In a way, the various incarnations of Advance Wars – and this one in particular, given the tangible manipulation of pieces offered by its supplementary touchscreen control scheme – mark the natural evolution of the tabletop board game, with all the conveniences of the digital age as their selected adaptations: interchangeable and editable board layouts, automated calculations in the place of twenty-sided dice, and artificial intelligence robust enough to provide competent opposition when there exist no other DS owners within a radius of thirty feet. I almost wish Dual Strike were released with support for Nintendo’s global Wi-Fi network to launch in November, but it already provides a bountiful playing experience as it is; besides, the scale of multiplayer matchups it makes possible have a tendency to result in disconnections and dead batteries.

And now for something completely different. As you may know, Disneyland celebrated its 50th anniversary this summer after a year of renovations and refurbishments – and boy, was it worth it. I’ve had the good fortune of visiting the resort on numerous occasions, and it’s never looked so good. The original rides are now decorated with gold-plated anniversary cars (or horses, or teacups, or whatever applies). There’s a museum of Disneyland memorabilia with such exhibits as blueprints and schematic artwork, every variety of admission ticket from every era, and a cheesy but insightful doc short hosted by Steve Martin and Donald Duck.

Classic Disney scenes are on display throughout the park in the form of photo collages assembled from the visages of animators, staffers and guests, each of them consisting of two to ten thousand images. As you enter Main Street, there is a grandiose two-level monochrome collage where these photographs congeal into the faces of the men and women who were with Uncle Walt’s empire when it began, which in turn compose a still from “Steamboat Willie”. I’ve found an online archive of these exhibits, and the one I just spoke of is here, but a mere JPEG does not capture the sheer ambition of the monument. Nor does a photograph show you that the Haunted Mansion collage glows in the dark. There are wonders to behold at this happy place, and this is just one of them. There are others.

The fireworks, for instance. Nowadays, we are so accustomed to pyrotechnics that it’s easy to be disenchanted at how fireworks, while still magnificent once you delve into the constructed choreography of a given display, all look and feel the same. Sure, the last decade or so have brought us the odd laser projection every so often, but we are fundamentally looking at the same old centrifugal fractal patterns set to Tchaikovsky, right?

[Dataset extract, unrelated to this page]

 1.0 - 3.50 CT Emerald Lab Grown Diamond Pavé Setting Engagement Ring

Well, since 17 July, Disneyland has restored genuine spectacle to the ancient art of synchronized rocketry. The proverbial magic is back. Sparks fly over the repainted Sleeping Beauty Castle to the tune of “When You Wish Upon a Star” like the opening titles of a feature film, but live and right in front of you. Tinker Bell zips around the parapets. And it’s all narrated by Mary Poppins – that is to say, Julie Andrews.

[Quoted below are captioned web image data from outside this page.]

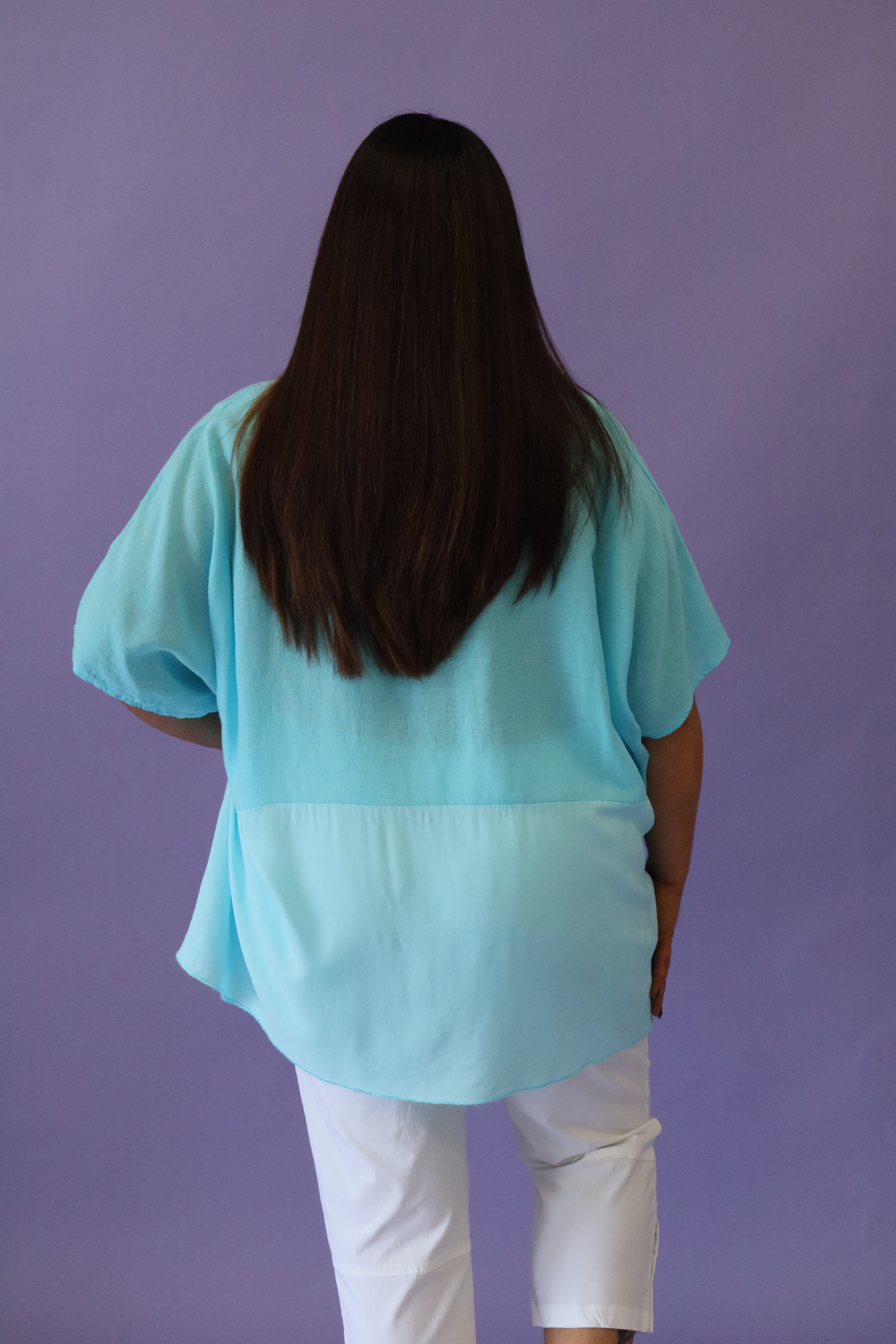 Cali Linen Top in Blue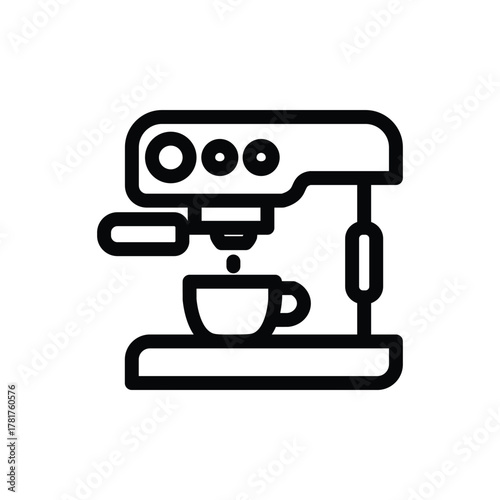 Espresso machine line icon, outline illustration of coffee maker, representing cafe brewing, or home espresso equipment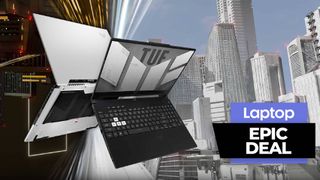 Asus TUF Dash gaming laptop against a city skyline background 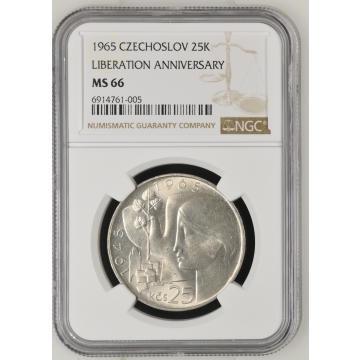 1965 CZECHOSLOV LIBERATION ANNIVERSARY 25K NGC MS66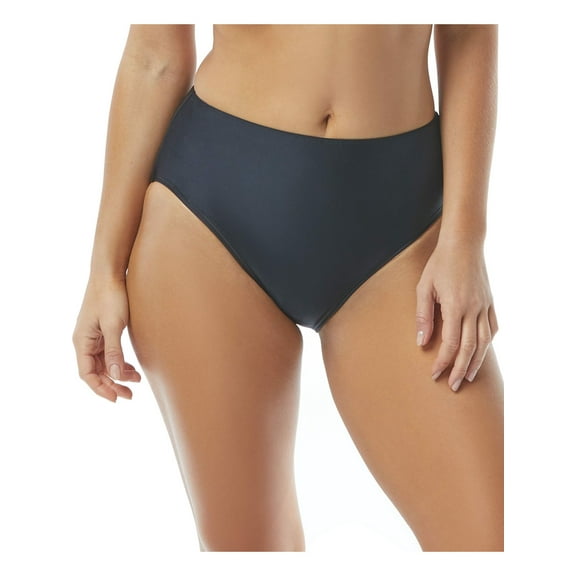 CONTOURS Women's Black Stretch Full Coverage High Waisted Swimsuit Bottom L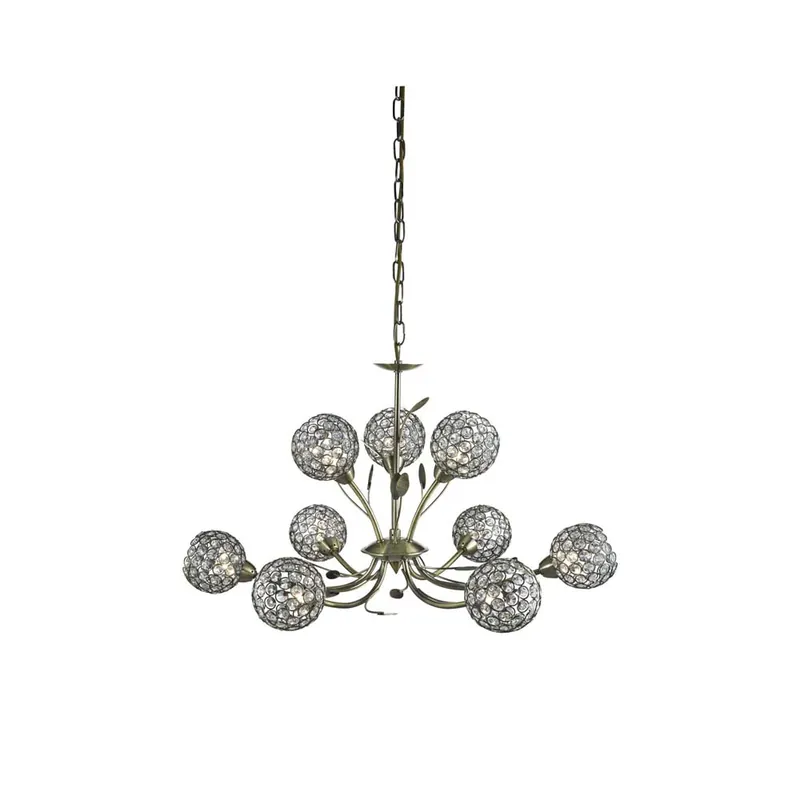 Lage Prijs Bellis Ii, plafondlamp met 9 vlammen, antiek messing, decoratieve helder glazen kap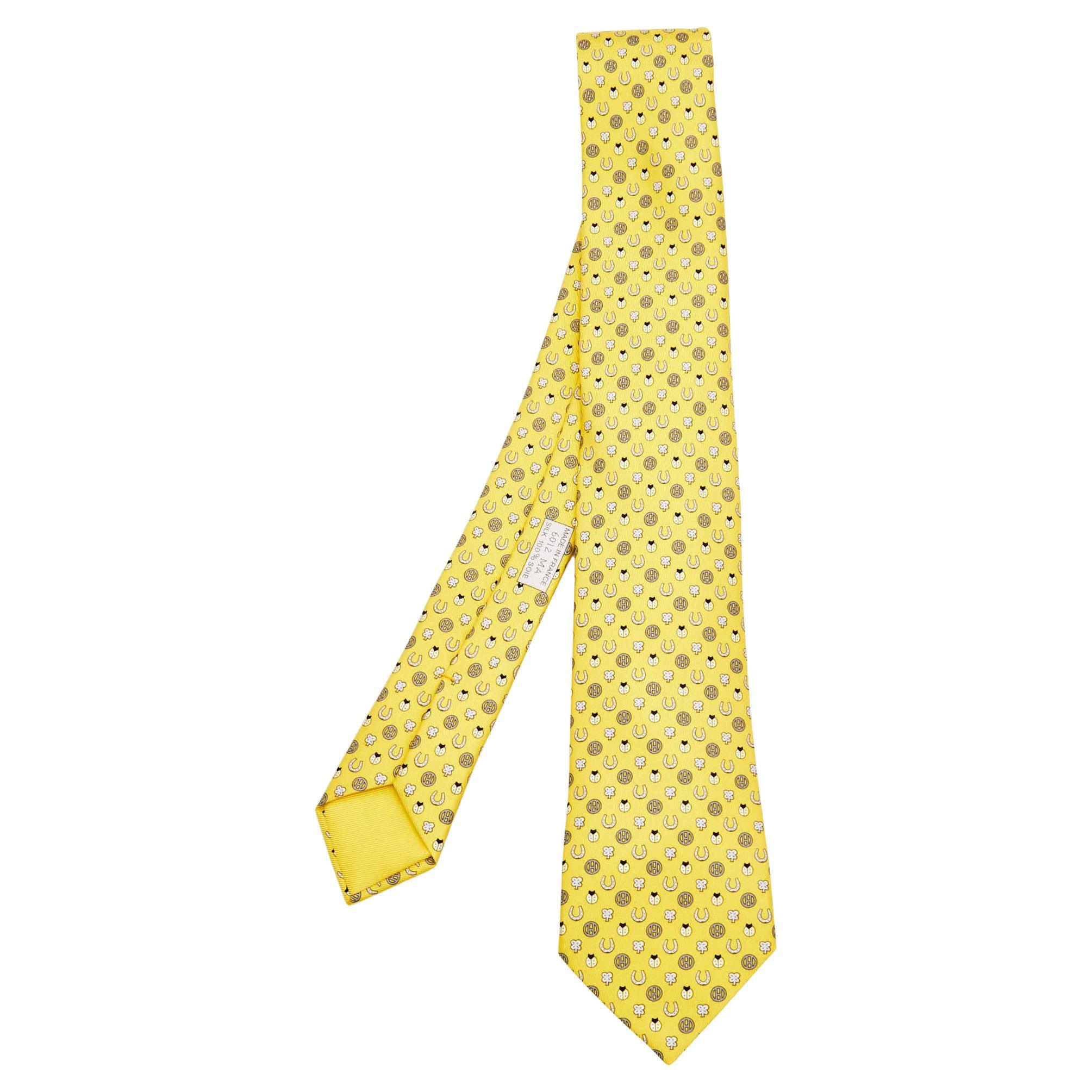 Hermès Yellow 7 Job Interview Printed Silk Skinny Tie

Then the display becomes a sort of interpretive dance of light and sound, a whirlwind tour of Disneyland attractions representing each of its sectors (though “It’s A Small World” is noticeably absent, and the New Orleans sector is underscored by Joplin’s “Maple Leaf Rag” played, not surprisingly, too fast). There’s a broadside battle waged right over the heads of the audience for “Pirates of the Caribbean”, and if you sit close enough you can see the Jolly Roger aglow on the Matterhorn’s peak like a distant Bat-Signal. “Star Tours” has laser cannons and explosions of green flame that light up the night set to John Williams’ end credits to Episode IV. The Frontierland shooting gallery features ducks with targets on them projected on the castle itself, which move about and seemingly get shot down one by one. And so on.

I’ve never seen anything like it. Chances are you haven’t either, unless you paid the House that Walt Built a visit of your own in the last seven or eight weeks.

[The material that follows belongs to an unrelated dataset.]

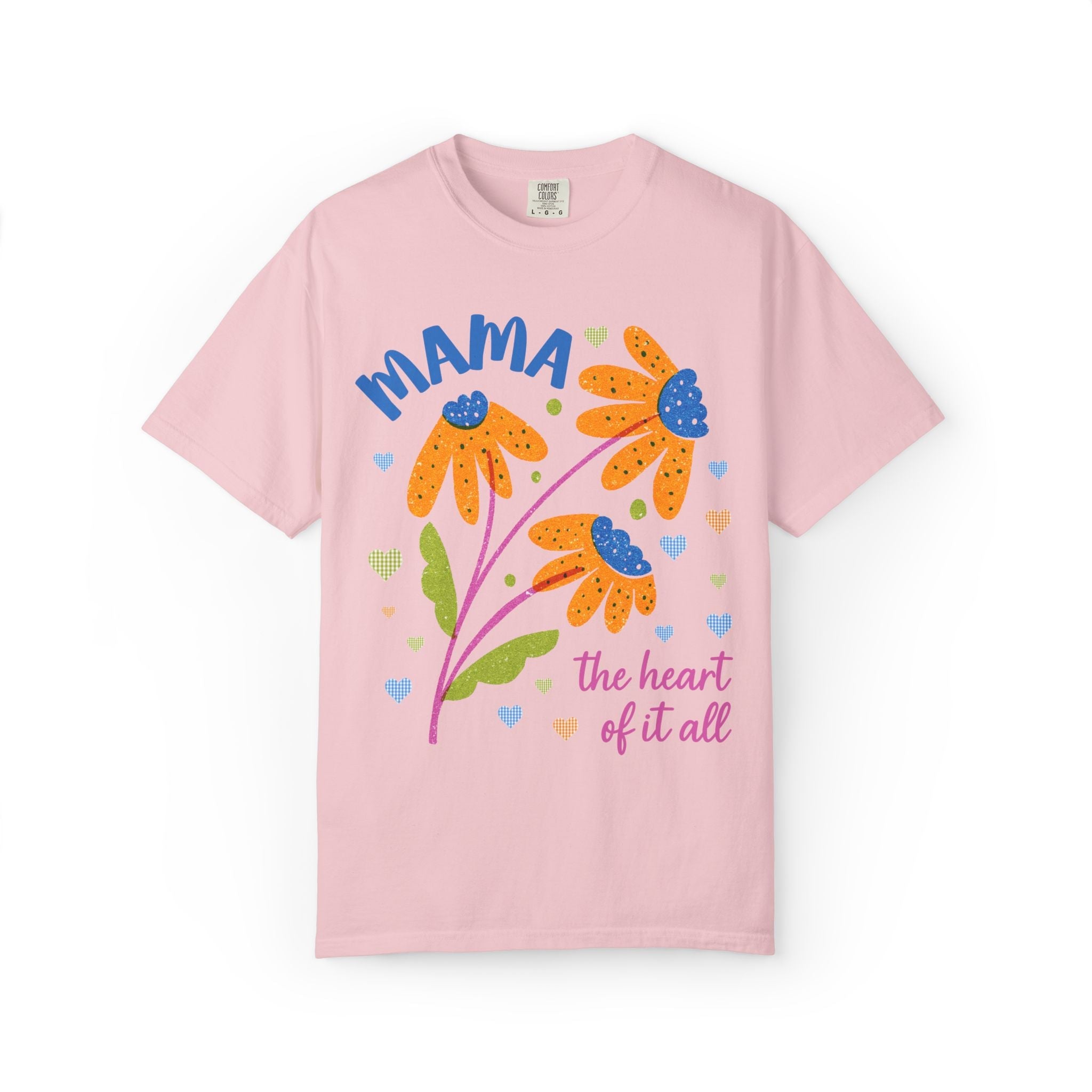 Floral Mama T-Shirt with Gingham Hearts - Opal and June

If you plan to visit Disneyland anytime in the near future, or if you’ve never been there – make it so and make it soon. The “Happiest Homecoming on Earth” celebration is supposed to last until September 2006, according to the five-part golden anniversary retrospective that was posted at Jim Hill Media the same week I was in Anaheim, though by next summer’s end the top-billed novelty may have tapered off somewhat.

You really do have to see those fireworks show. My description does it about as much justice as a Klingon court-martial.

I haven’t devoted any of my recent blog-writing to what’s going on in wide-release cinema, in spite of having seen a passable, if less-than-usual quantity of major films of the ones that hit theatres between May and August, that quantity being eleven and a half. (The English dub of Howl’s Moving Castle is the half.) I attribute this to two causes. The first is that July and the better (or in this case, worse) part of August were for all intents and purposes dead, and all rumours of a box-office slump are for once both patently true and justified. The second is that the big films of May and June that were any good, a surprising number of them, turned out to be phenomenal; simply praising these achievements is a monotonous and redundant activity, and critiquing them intelligently takes too long.

Perhaps I will at some point offer a synoptic assessment that gathers and dispenses with the lot, but not today. For now, just go see the most satisfying film of the past few weeks, and certainly one of the best of the year. It’s called The Constant Gardener and it stars Lord Voldemort.